KIMS Outcomes Research Database

KIMS is a pharmacoepidemiological survey of adult GH-deficient patients treated with GH replacement therapy. At present, more than 8,000 patients from 26 countries are enrolled in KIMS. Following enrolment, patients are seen in local clinics at a frequency determined by the treating physician, with one visit per year being mandatory. At each visit, data are collected on specific case record forms and entered into a central database. Quality of data collection is monitored by clinical research representatives according to Good Clinical Practice Guidelines and the accuracy of data entry into the database is monitored by internal audit.


The analysis of baseline characteristics used information from 170 patients (103 men) with AO-GHD aged over 65 years commencing GH therapy at the time of enrolment into KIMS. Data were available for the effects of 12 months of GH therapy in 135 (83 men) of these patients. None of the patients had a previous history of acromegaly or Cushing’s disease. The data were compared with 1,395 patients (711 men) with AO-GHD aged less than 65 years enrolled in KIMS. Patients aged less than 65 years had not received GH therapy for at least 6 months before enrolment into the study and there was no previous history of acromegaly or Cushing’s disease. Patients were subdivided further into age groups of less than 45 years (n = 578), 45–55 years (n = 464) and 55–65 years (n = 353) of which 12-month treatment data were available for 476, 370 and 276 patients, respectively.
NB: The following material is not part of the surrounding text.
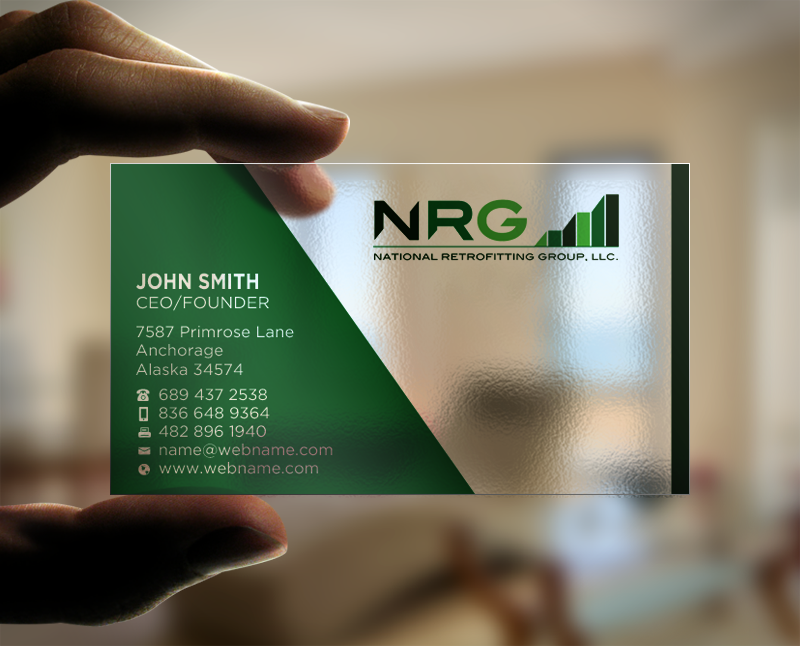 Business Card Design by Brand aid for National Retrofitting Group, LLC | Design #16292361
GH replacement therapy was initiated at a maximum dose of 0.125 IU/kg/week (0.042 mg/kg/week) with a subsequent increase to a maximum of 0.25 IU/kg/week (0.083 mg/kg/week) based on individual responses. Within this maximum dosing guideline, the majority of patients were managed by dose titration against clinical response and serum insulin-like growth factor I (IGF-I) measurement. The aetiology and severity of GHD (peak GH and IGF-I standard deviation score [SDS]) in patients aged over and less than 65 years are provided in table 1.


Serum concentrations of IGF-I were measured by an HCl-extraction radioimmunoassay. Intra- and interassay coefficients of variation were less than 9% in the concentration range 125–1,046 µg/l.

Serum levels of total cholesterol were measured as described by Lie et al. [29], high-density lipoprotein (HDL) cholesterol was measured according to the method of Lopez-Virella et al. [30], and triglyceride levels were estimated by a hydrogen peroxide generation colorimetric method [31]. Serum low-density lipoprotein (LDL) cholesterol concentrations were calculated according to the Friedewald formula [32]. All serum IGF-I and lipid analyses were conducted in a single laboratory.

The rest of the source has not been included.